Solving on a tensor-product grid is limiting in two major ways: 

1. Geometry: not very flexible, and especially challenging in 3D
2. Dimension: number of points grows exponentially with the dimension

Methods that work without any grid are known as **meshless** or **meshfree** methods. A common category of these are **kernel methods**, where the interpolating or approximating function is in the form

$$
u(x) = \sum_{n=1}^N c_n K(x-x_n), \qquad x \in \mathbb{R}^d,
$$

where the $x_n$ are points in $\mathbb{R}^d$ called **centers**, $c_n$ are constants, and $K$ is a kernel function. A particularly interesting choice is 

$$
K(s) = \varphi\bigl(\| s \|\bigr),
$$

where $\varphi$ is known as the **basic function** and $\|\cdot\|$ is a norm, most typically the 2-norm. The resulting $K(x-x_n)$ is known as a **radial basis function**, since it is radially symmetric around its center $x_n$. 

## Basic functions

Here are some of the most common choices for the basic function. 

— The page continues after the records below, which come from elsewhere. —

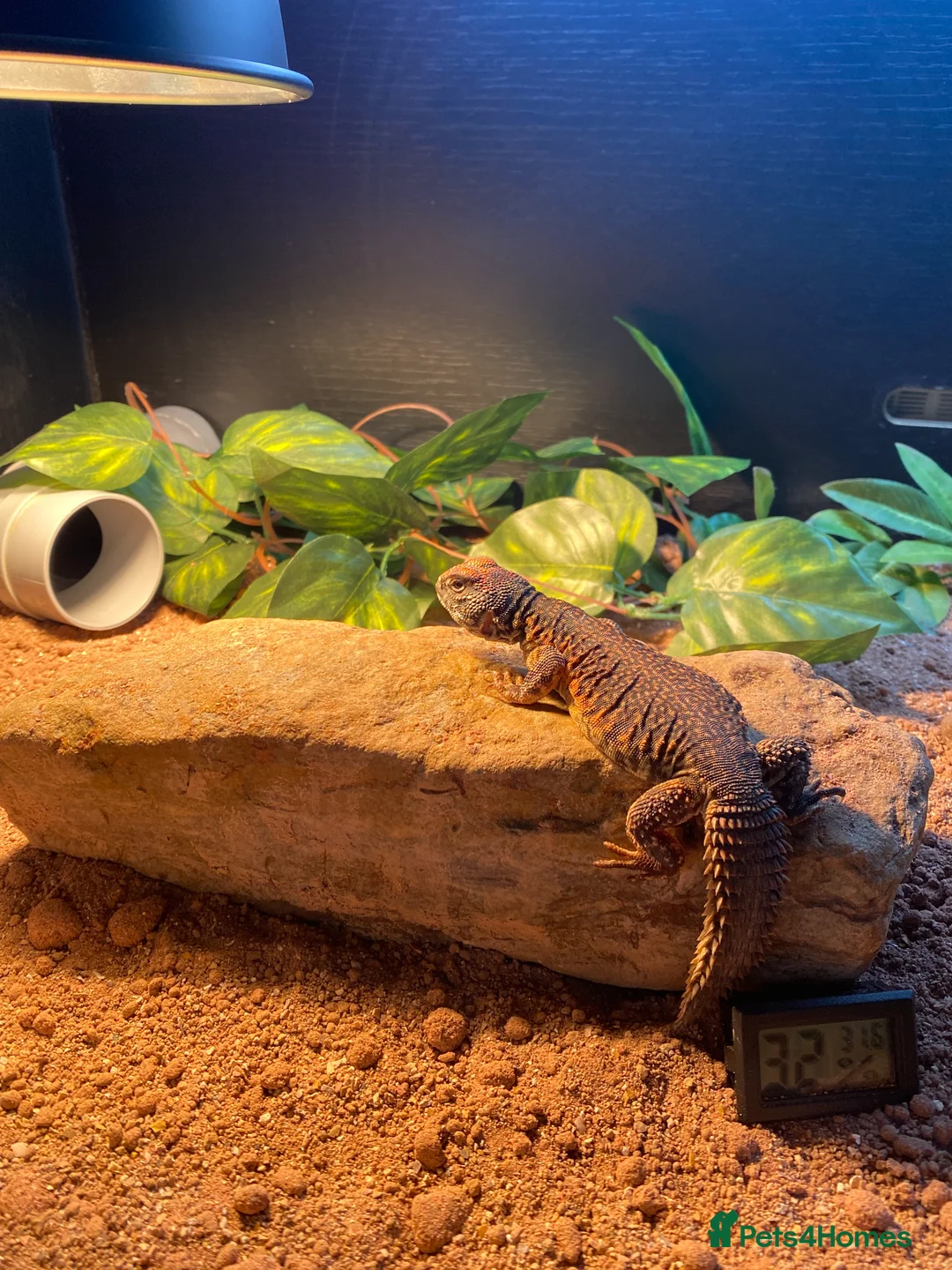 Lizard reptiles for sale: Moroccan Uromastyx (+/- set up)  in Glasgow - Advert 1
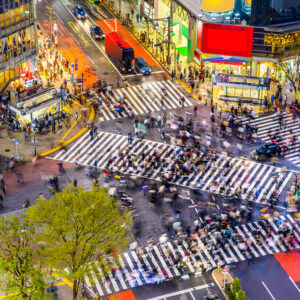 Tokyo. Shibuya fodgængerovergang.
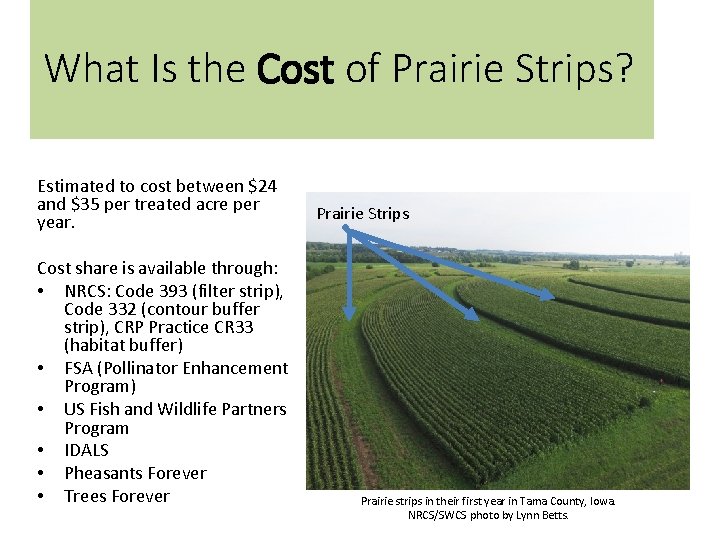 What Is the Cost of Prairie Strips? Estimated to cost between $24 and $35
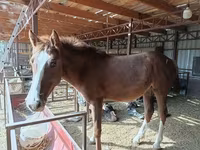 Faras dhaddig, Horses — sawirka 1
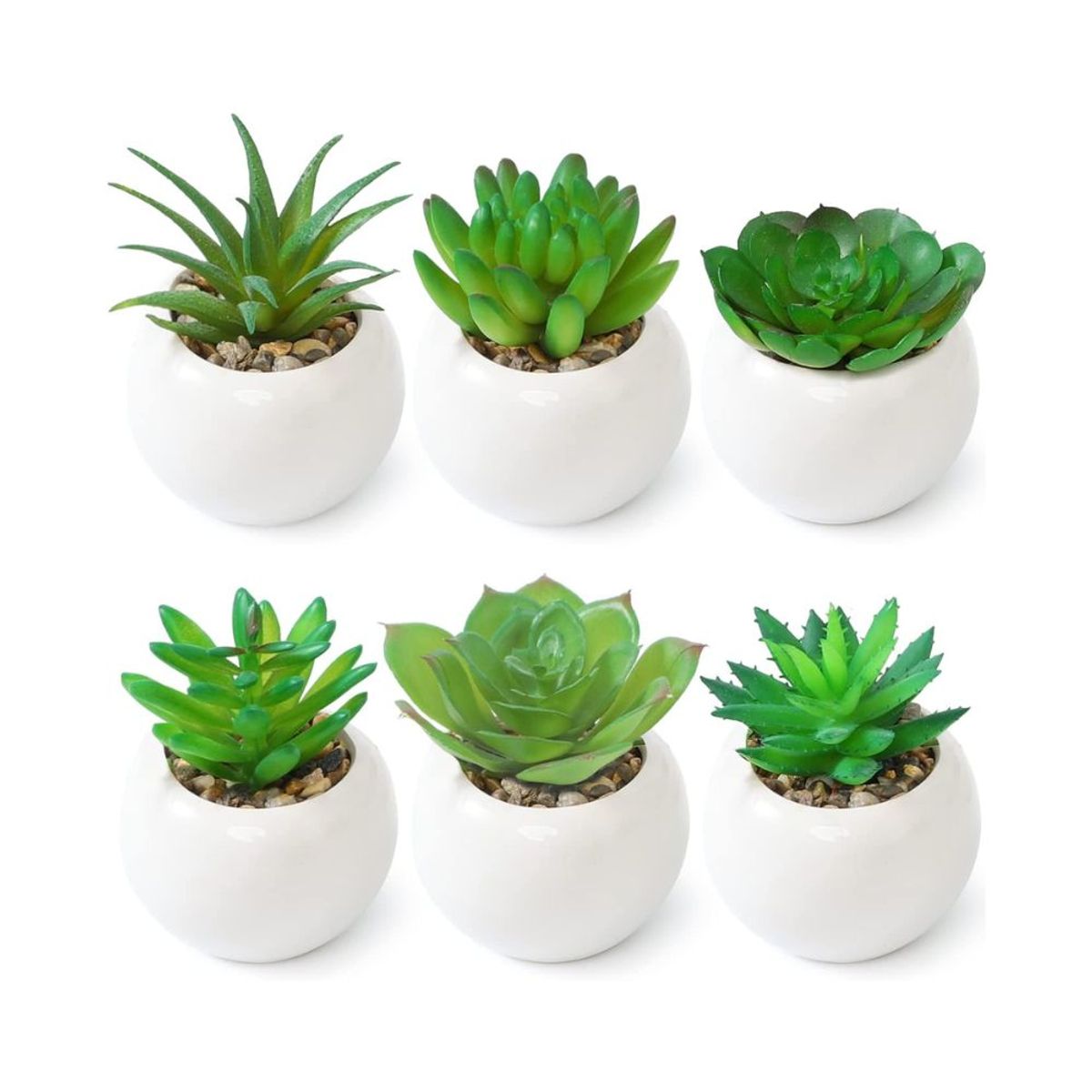 INSPIRA - Set de 2 Plantas Decorativas Suculentas con Base Redonda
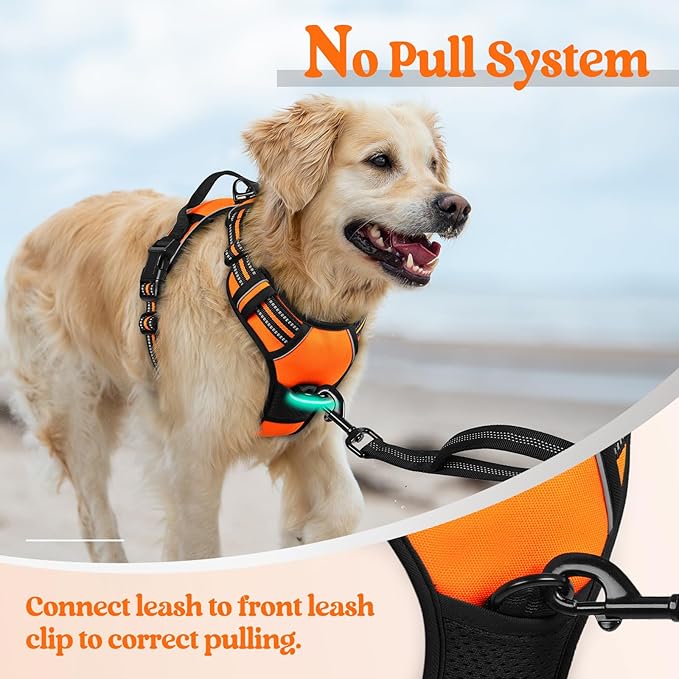 rabbitgoo Dog Harness No Pull - Image 5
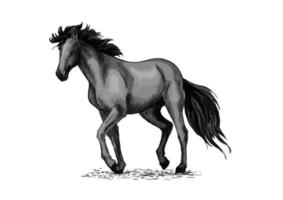 desenho de cavalo de garanhão árabe preto vetor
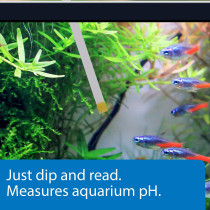 API pH Test Strips 25 count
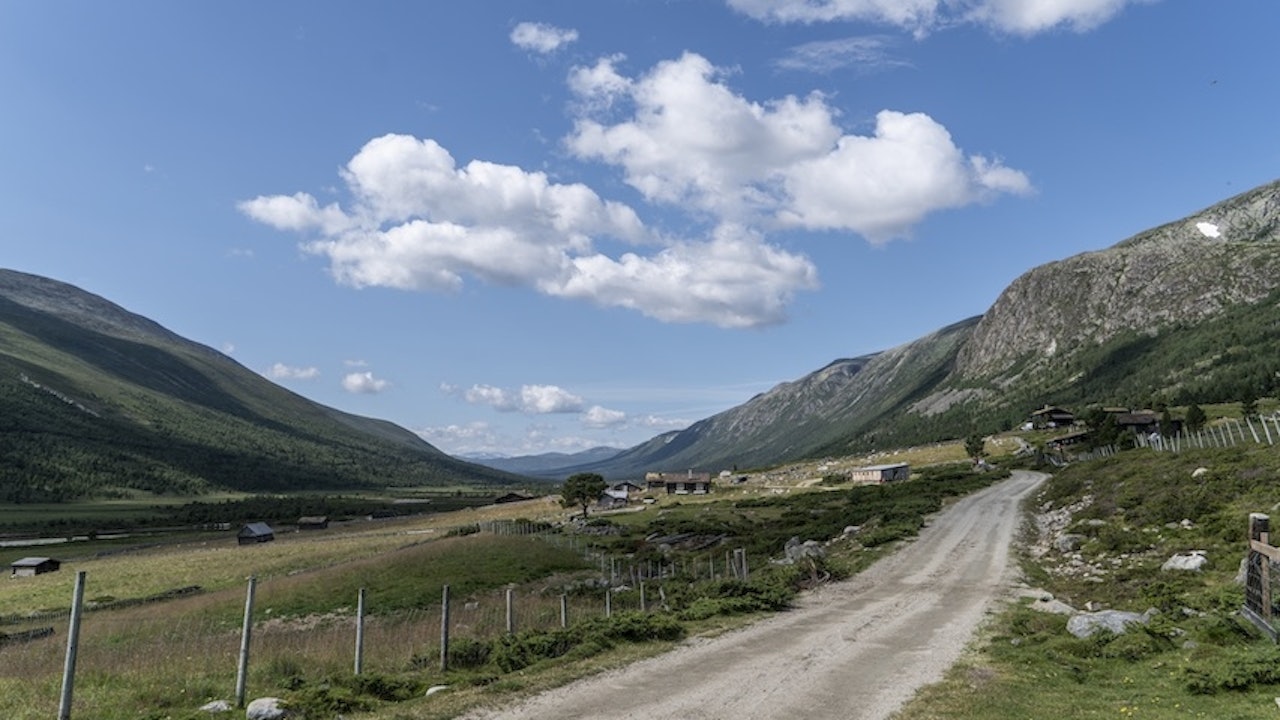 FINNDALEN: Naturen i store delar av Finndalen er verna. Her finst mellom anna den sjeldne og truga arten hengegras. Foto: Rebecca Nedregotten Strand finndalen vågå gudbrandsdalen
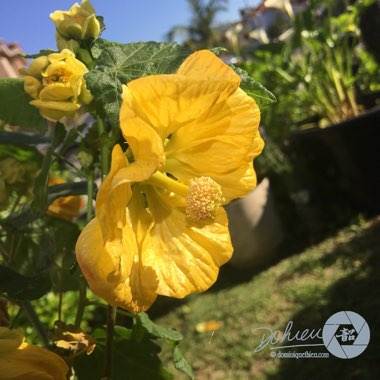 Abutilon 'Golden Ballerina'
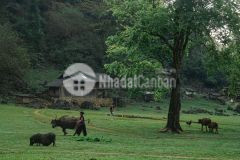 Đất nền sapa đường điện biên phủ nở hậu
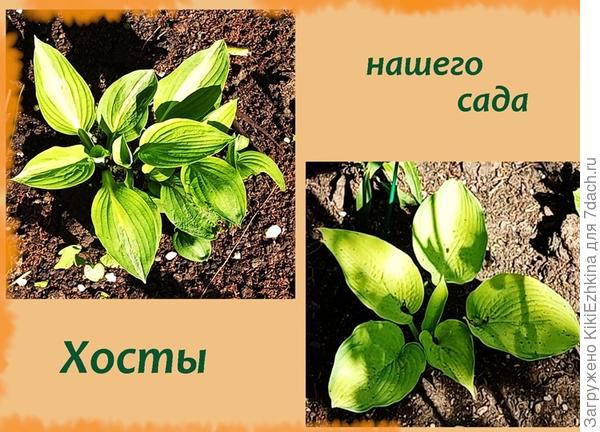 Очень мало подрастает...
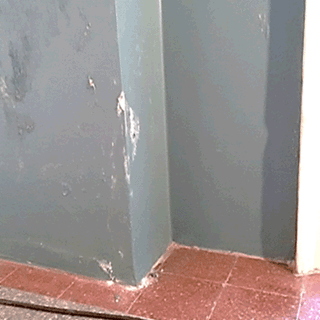 Umidità in casa: come riconoscere i principali problemi?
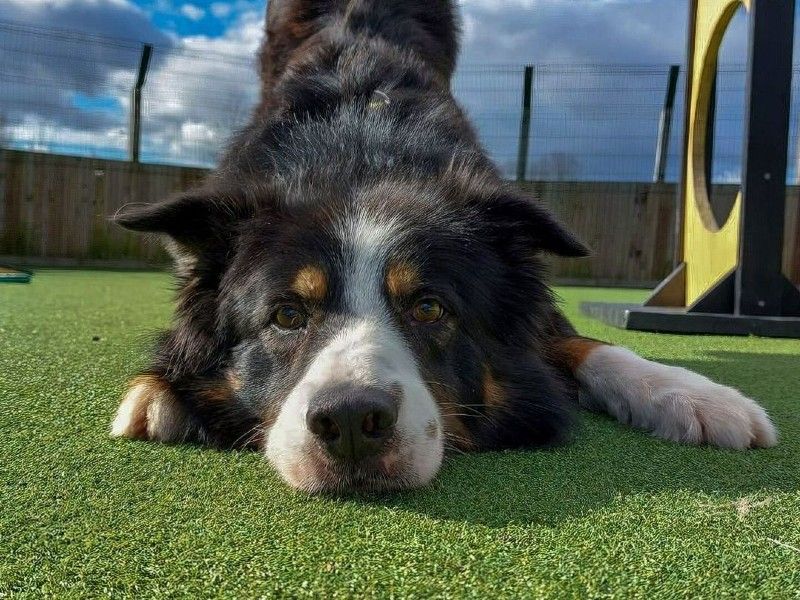 Border collie cross doing a play bow at rehoming centre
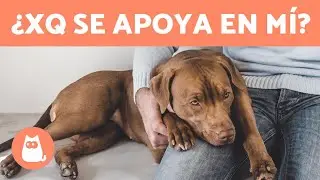 ¿Por qué mi PERRO se APOYA encima de mí? 🧍🏻‍♀️🐕 (4 Razones)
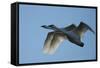 Pair of Adult Trumpeter Swans (Cygnus Buccinator) in Flight. Skagit County, Washington. January-Gerrit Vyn-Framed Stretched Canvas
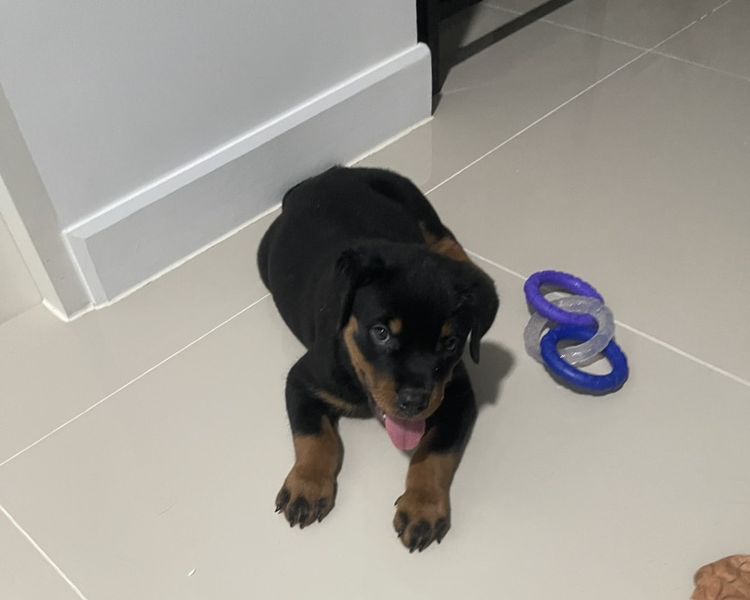 ร็อตไวเลอร์ rottweiler เมีย อายุ 70วัน วัครซีนแล้ว รูปที่ 4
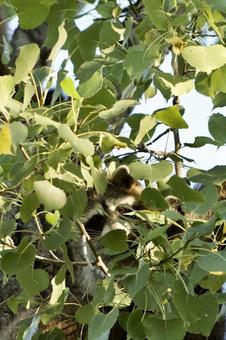 アライグマのかくれんぼ アライグマのかくれんぼ 生き物,動物,野生動物の写真素材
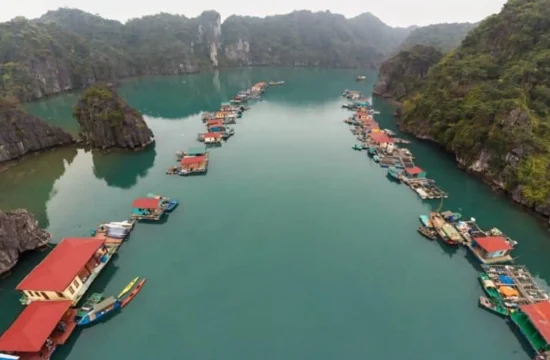 Nghỉ dưỡng giữa kỳ quan thiên nhiên thế giới: Tour 3N2Đ khám phá Hạ Long – Vịnh Bái Tử Long – Làng chài Cửa Vạn 7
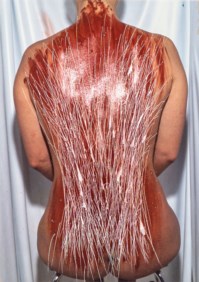 Senza titolo (Action painting)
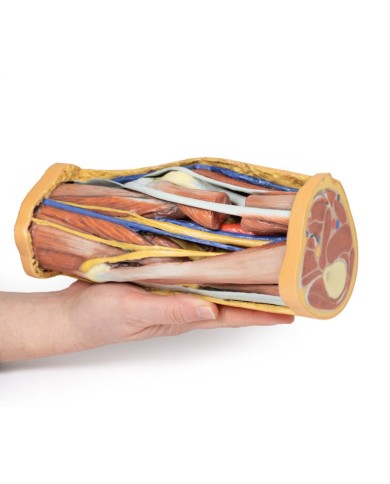 Dissezione profonda della Fossa Poplitea - Erler Zimmer 3D anatomy Series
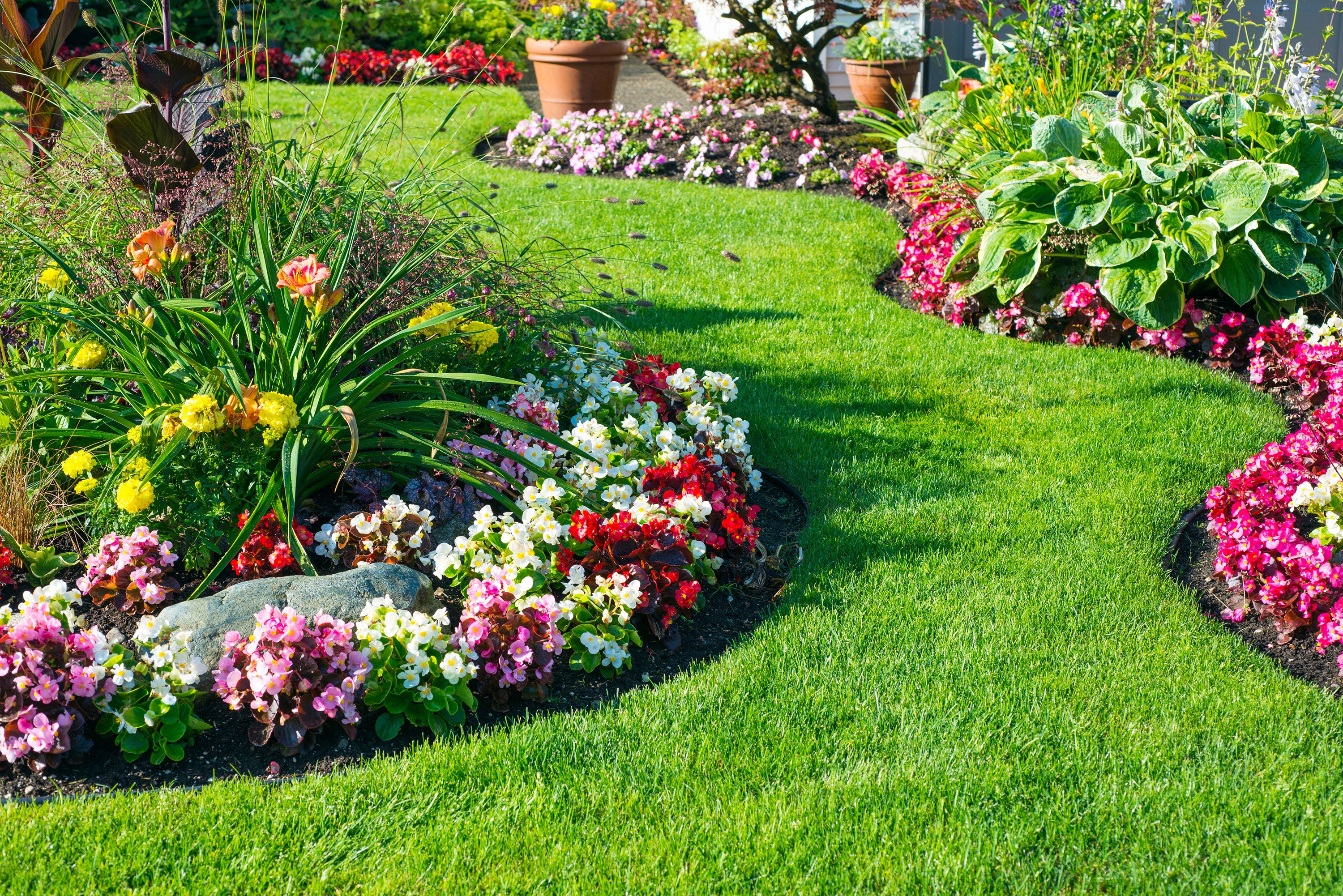 Hydrangeas – Farmington Gardens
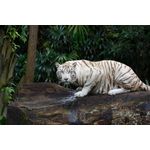 Casa si Gradina - Decoratiuni - Tablouri - Tablou canvas Animal 65, 75 x 50 cm - Infinity.ro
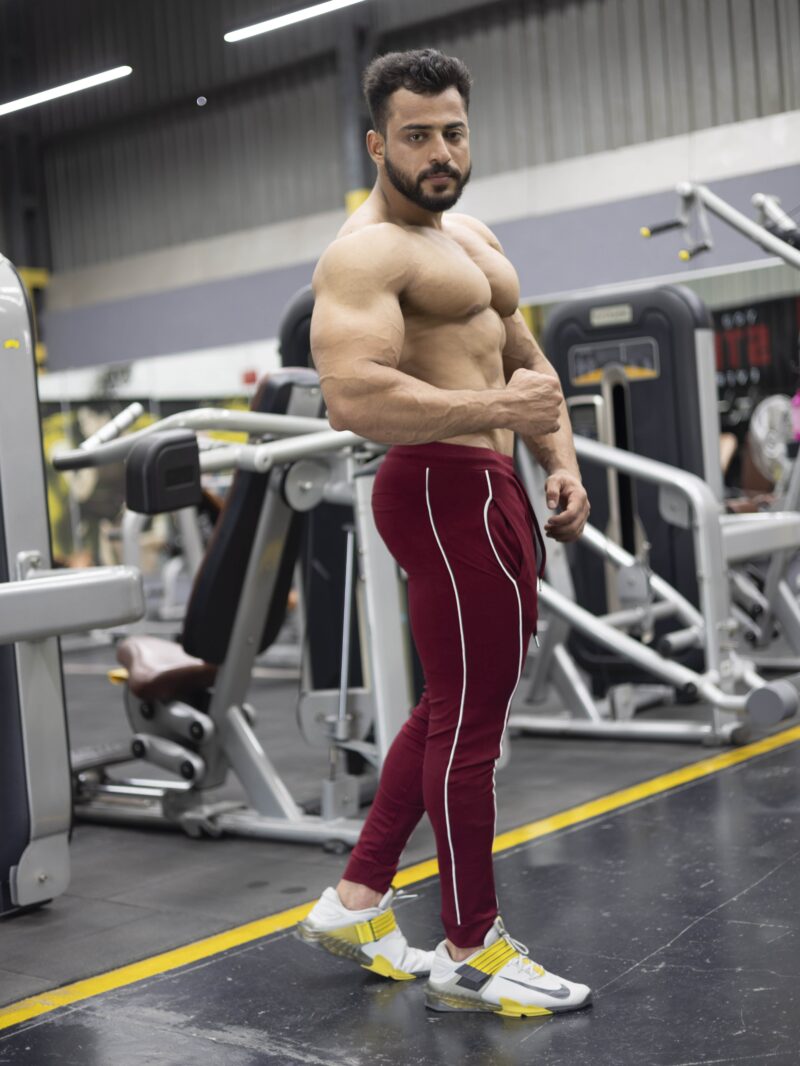 APEX ROMA JOGGERS - MAROON - Image 4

* **Polyharmonic spline**: $\varphi(r) = r^k$ for odd $k$, or $r^k\log(r)$ for even values of $k$. These functions have $k-1$ continuous derivatives, with higher-order discontinuities at the center points. 
* **Wendland function**: $\varphi$ is a piecewise polynomial with compact support. The number of continuous derivatives is selectable by construction.
* **Gaussian**: $\varphi(r) = \exp(-r^2)$ (smooth)
* **Multiquadric**: $\varphi(r) = \sqrt(1+r^2)$ (smooth)

Theory (again based on Fourier analysis) states that the convergence rate of the RBF interpolant depends on the smoothness of $\varphi$ in a familiar way: algebraic if the smoothness is finite, and spectral if it's infinite. However, realizing these rates in practice, particularly in the spectral case, requires severely limited circumstances.

In practice one often adds a **shape parameter** $\epsilon > 0$:

$$
u(x) = \sum_{n=1}^N c_n \varphi\bigl(\epsilon \| x-x_n \|\bigr).
$$

It's also possible, and sometimes desirable, to let $\epsilon$ vary from center to center. The shape parameter has no effect on the polyharmonic case, it controls the support radius in the Wendland case, and it acts as a local scaling in the smooth cases.



## Interpolation conditions

Given 

$$
u(x) = \sum_{n=1}^N c_n \varphi\bigl(\| x-x_n \|\bigr), 
$$

we need $N$ conditions to determine the coefficients. The standard choice is to interpolate values at the centers:

$$
f_i = u(x_i) = \sum_{n=1}^N c_n \varphi\bigl(\| x_i-x_n \|\bigr), \qquad i=1,\ldots,n,
$$

which yields the linear system $\bfA \mathbf{c} = \bff$, where 

$$
A_{ij} = \varphi\bigl(\| x_i-x_j \|\bigr).
$$

Clearly, $\bfA$ is symmetric. For some basic functions, such as the Gaussian, it's probably positive definite, as well. 

It's common to augment the RBFs with low-degree polynomial terms:

$$
u(x) = \sum_{n=1}^N c_n \varphi\bigl(\| x-x_n \|\bigr) + \sum_{m=1}^M a_m \psi_m(x), 
$$

where $\psi_1,\ldots,\psi_M$ is a basis for polynomials in $\mathbb{R}^d$ of a fixed, low degree. In order to determine the additional degrees of freedom, we add the constraints

$$
\mathbf{P}^T \mathbf{c} = \bfzero,  \qquad P_{ij} = \psi_j(x_i). 
$$

This leads to the linear system

$$
\begin{bmatrix}
  \bfA & \mathbf{P} \\ \mathbf{P}^T & \bfzero 
\end{bmatrix} 
\begin{bmatrix}
  \mathbf{c} \\ \bfa 
\end{bmatrix}
=
\begin{bmatrix}
  \bff \\ \bfzero
\end{bmatrix}, 
$$

which remains symmetric. This formulation allows exact reproduction of low-degree polynomials, which is both practically and theoretically useful. In the multiquadric case, including the constant term ensures that the system is positive definite, while the polyharmonic case usually includes at least the constant and linear polynomials. 


## Convergence

One may define the **fill distance** for domain $\Omega$ and set of centers $x_n$ as

$$
h = \sup_{x\in\Omega} \min_n \norm{x-x_n}. 
$$

It's an analog of the grid spacing or step size. At one extreme is **nonstationary** approximation, in which $\epsilon$ is fixed as $h\to 0$, or $\epsilon\to 0$ on a fixed center set. While can get spectral convergence (in an unfamiliar norm over a disappointingly small space of functions), the condition number of the linear system also grows exponentially, severely limiting the realizable accuracy.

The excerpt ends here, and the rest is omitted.